» WHAT THIS TASK INVOLVES: Transcribe the records that follow exactly. Skip the pictures.

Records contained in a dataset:
::::

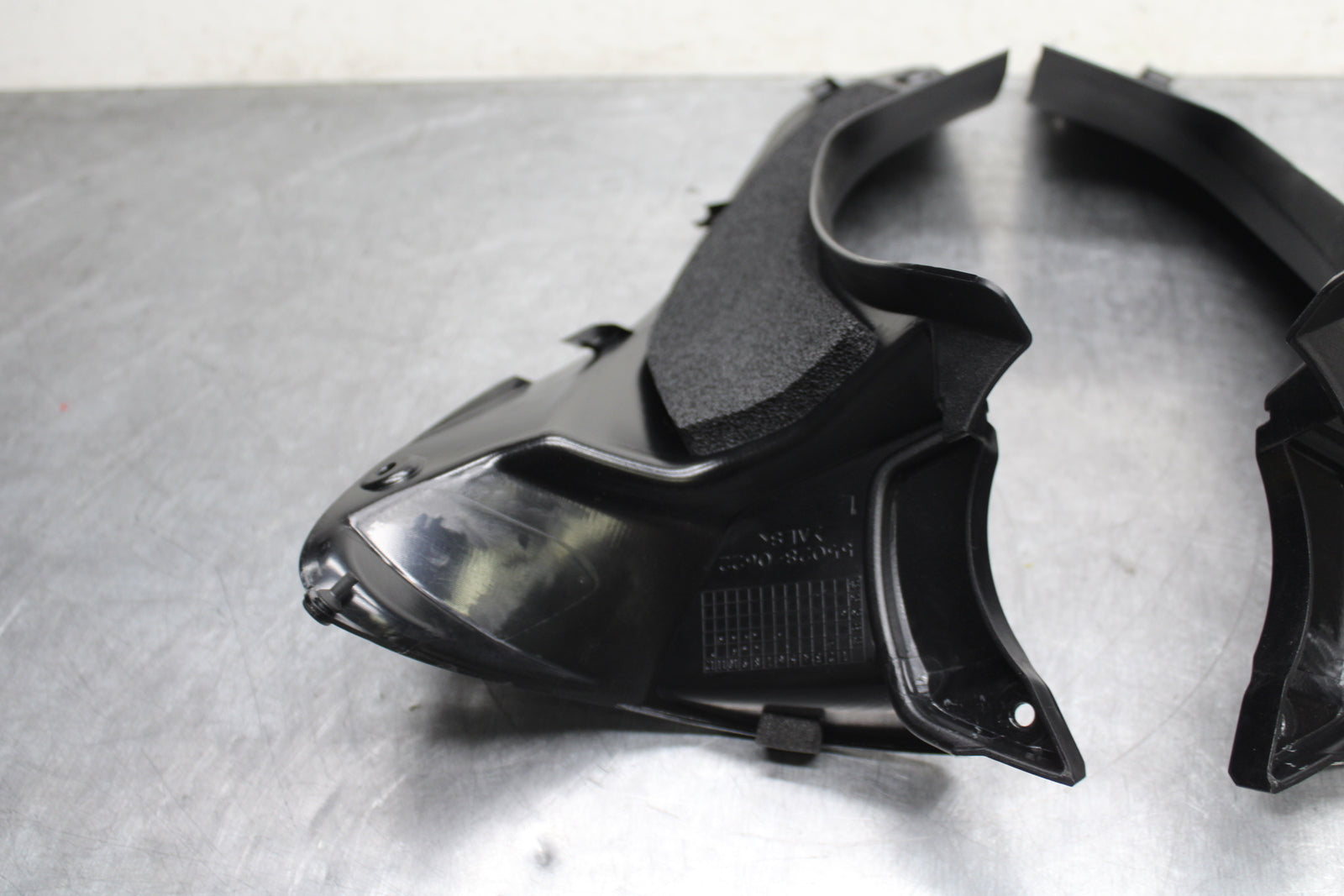 12-25 KAWASAKI NINJA ZX14R RIGHT LEFT FRONT DUCT COVERS PANELS COWLS BB757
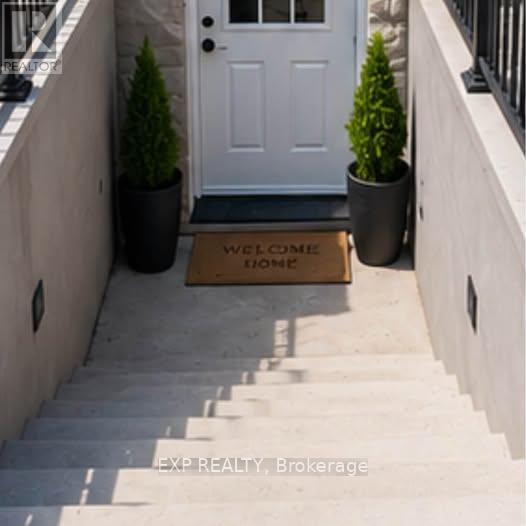 2 - 11 Fairside Avenue, Toronto, Ontario  M4C 3G8 - Photo 13 - E13108734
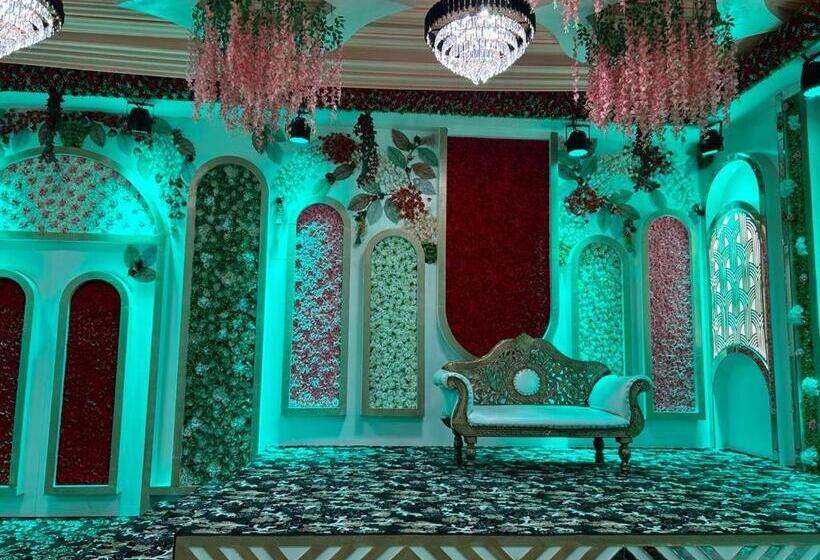 Отель 4 Seasons Resort By Jain Residency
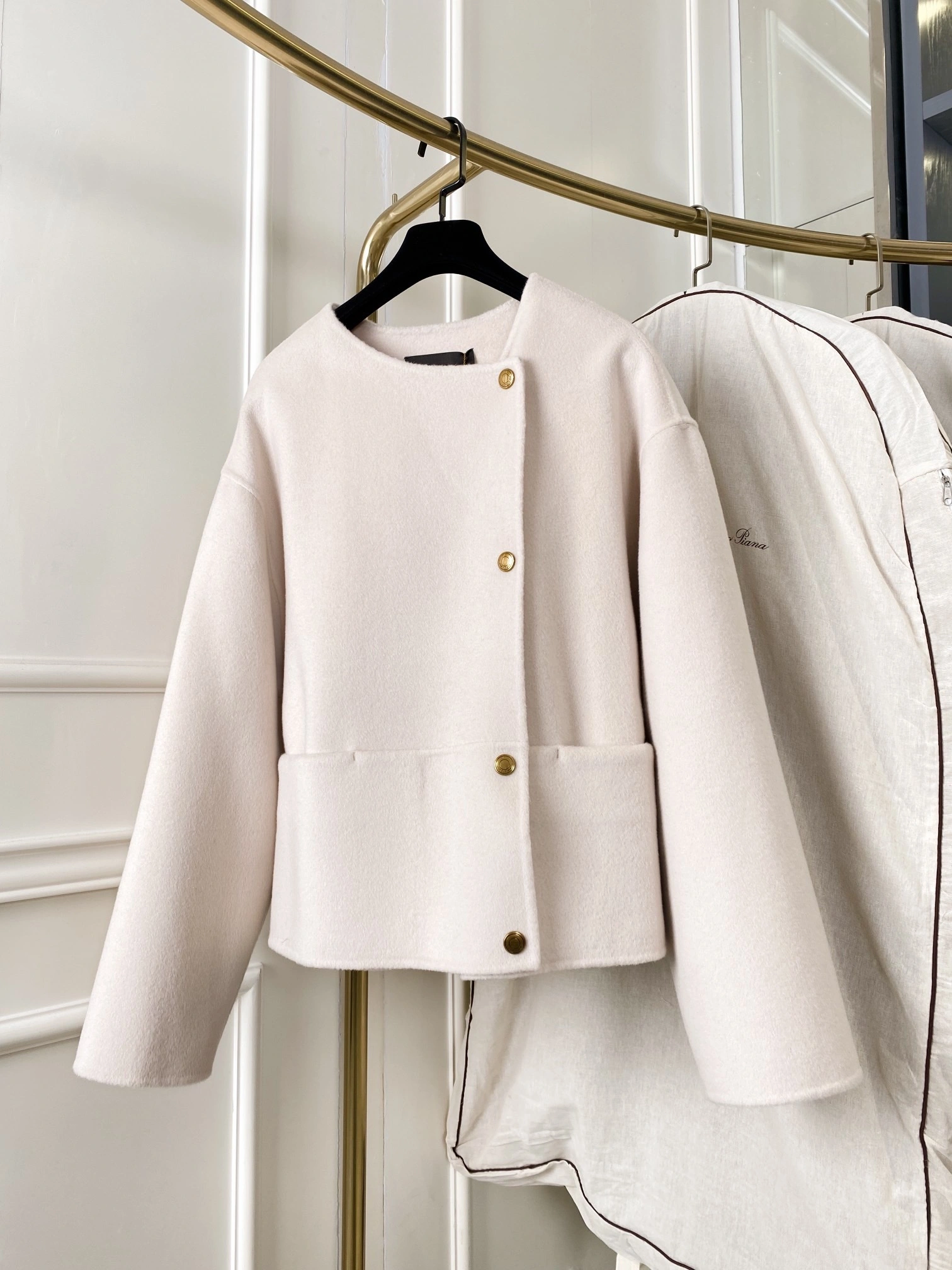 Victoria- 8oro Pi191 Chewe cashmere 2colour item:E-F020J2306-2H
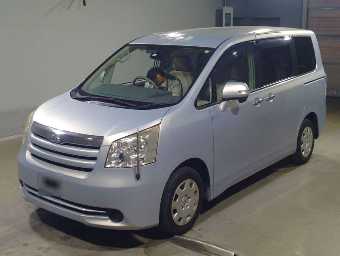 TOYOTA NOAH 2009 Image 1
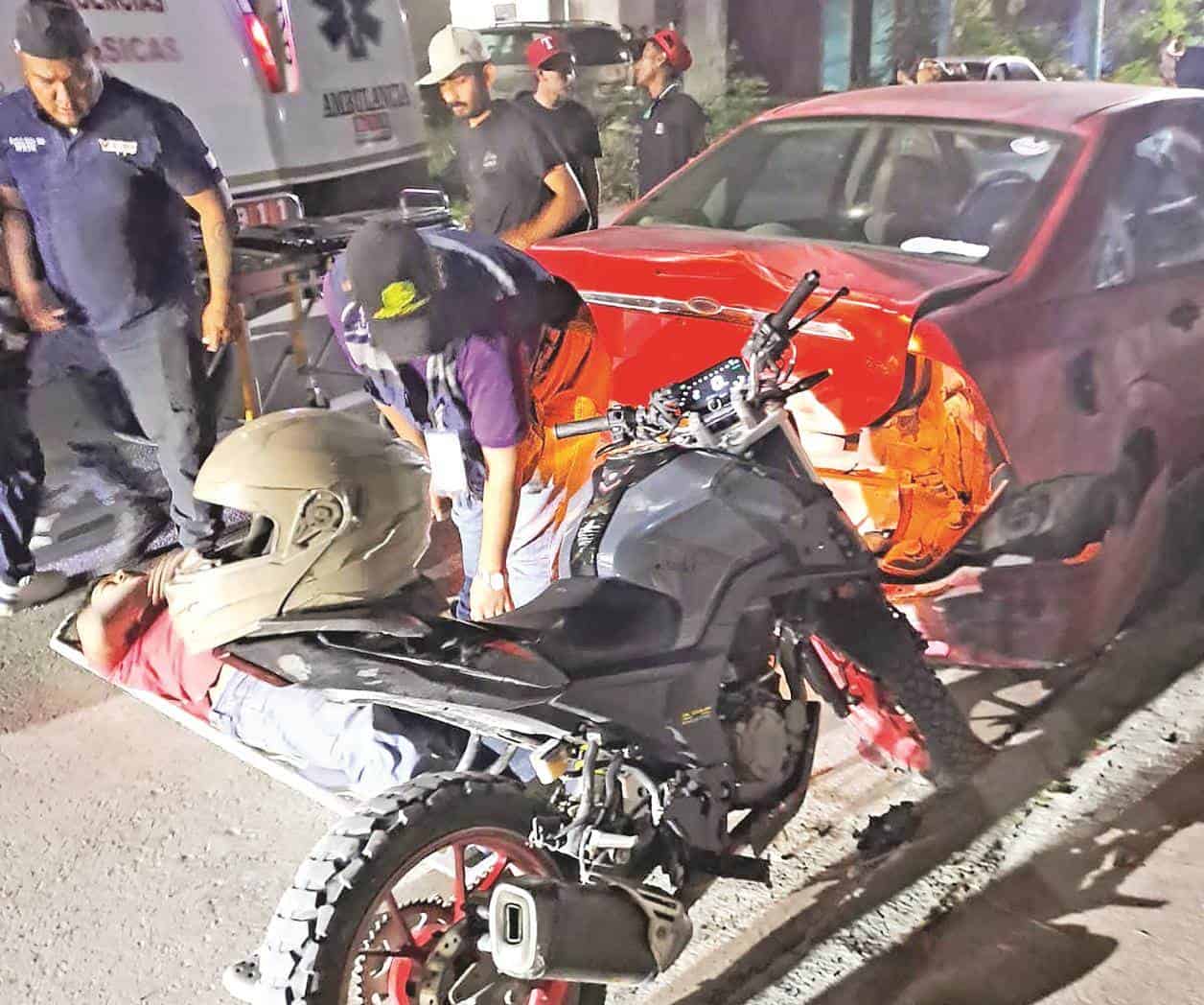 Motociclista choca contra auto estacionado en Las Flores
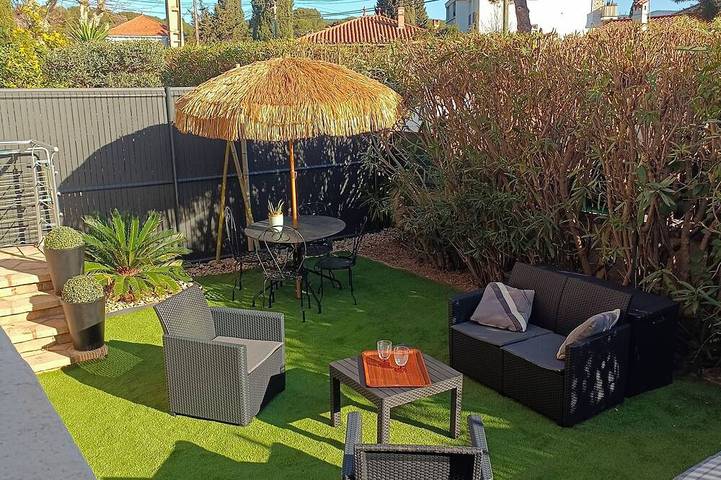 Gîte pour 4 personnes, avec terrasse et jardin dans La Grande Plage (La Ciotat)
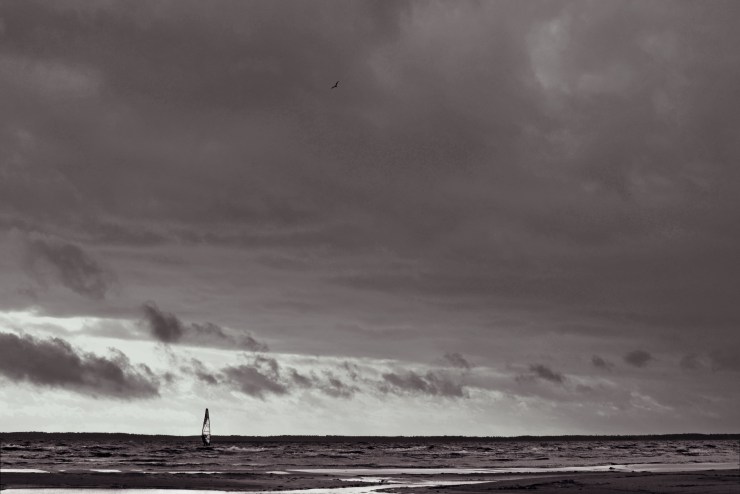 Surfar i höststormen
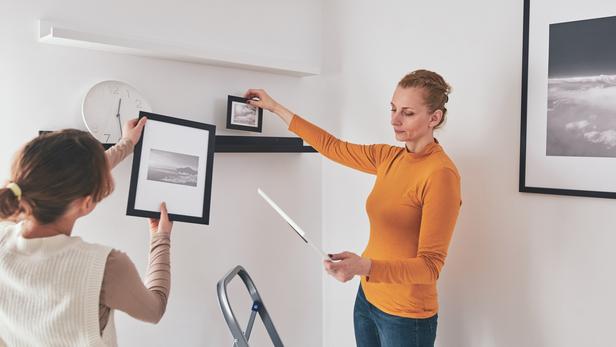 7 astuces pour fixer au mur sans faire de trou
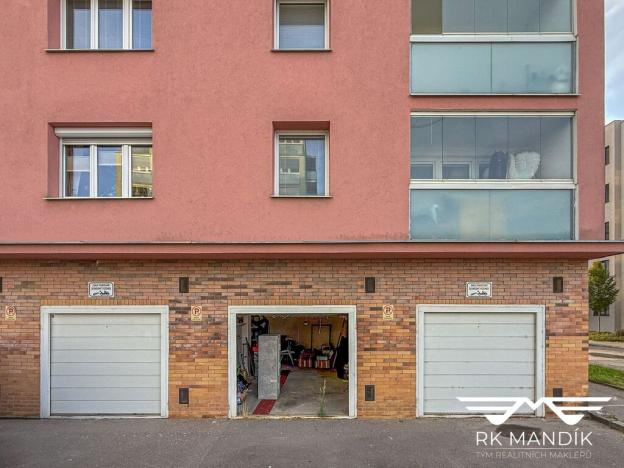 Pronájem garáže, Praha - Košíře, Česká, 22 m2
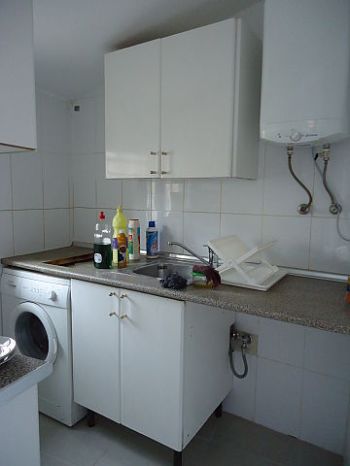 Casa zona sur reformada 1 dormitorio con patio - Cocina
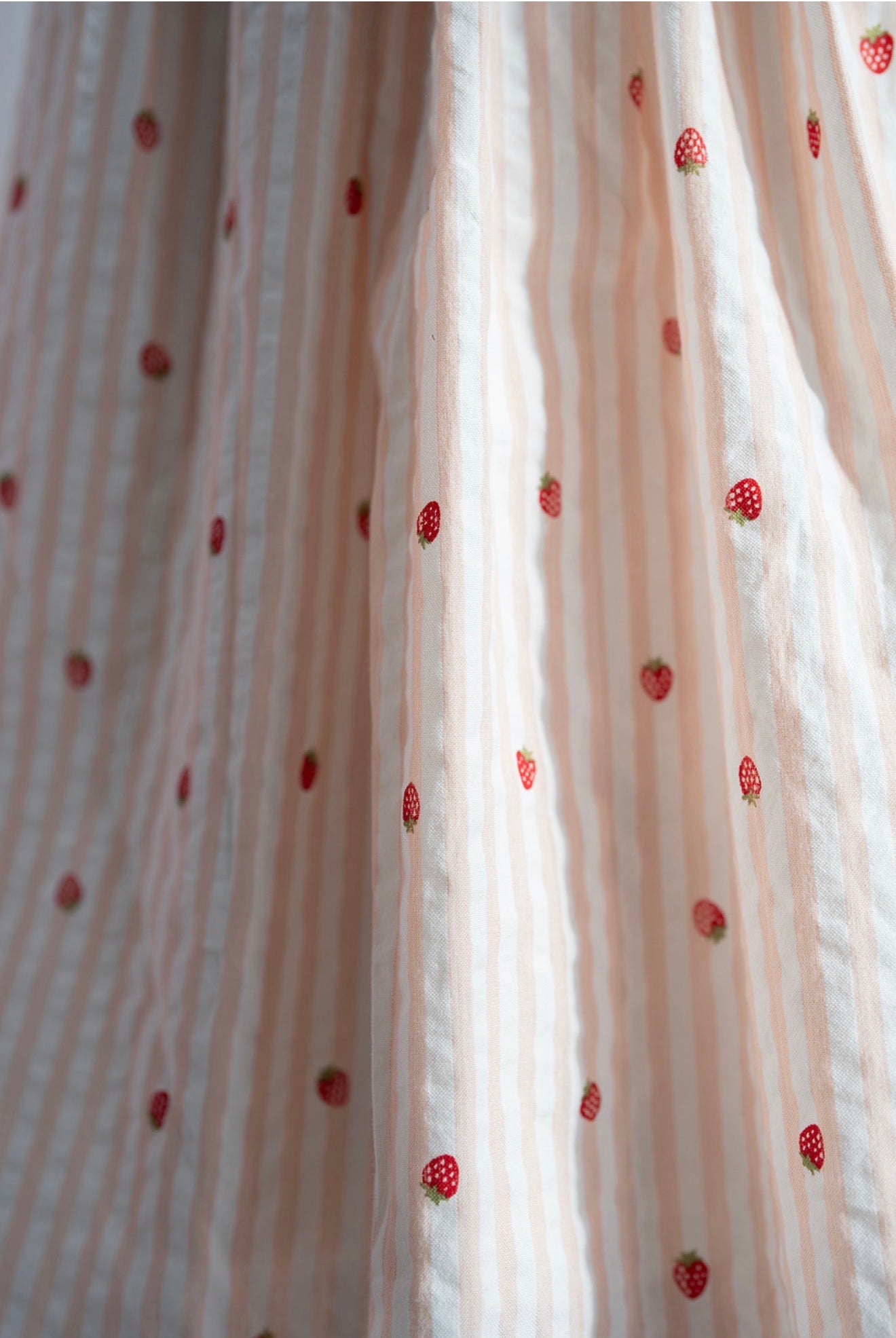 ELARA STRAWBERRY FROCK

::::

» OUTPUT:
 12-25 KAWASAKI NINJA ZX14R RIGHT LEFT FRONT DUCT COVERS PANELS COWLS BB757
 2 - 11 Fairside Avenue, Toronto, Ontario  M4C 3G8 - Photo 13 - E13108734
 Отель 4 Seasons Resort By Jain Residency
 Victoria- 8oro Pi191 Chewe cashmere 2colour item:E-F020J2306-2H
 TOYOTA NOAH 2009 Image 1
 Motociclista choca contra auto estacionado en Las Flores
 Gîte pour 4 personnes, avec terrasse et jardin dans La Grande Plage (La Ciotat)
 Surfar i höststormen
 7 astuces pour fixer au mur sans faire de trou
 Pronájem garáže, Praha - Košíře, Česká, 22 m2
 Casa zona sur reformada 1 dormitorio con patio - Cocina
 ELARA STRAWBERRY FROCK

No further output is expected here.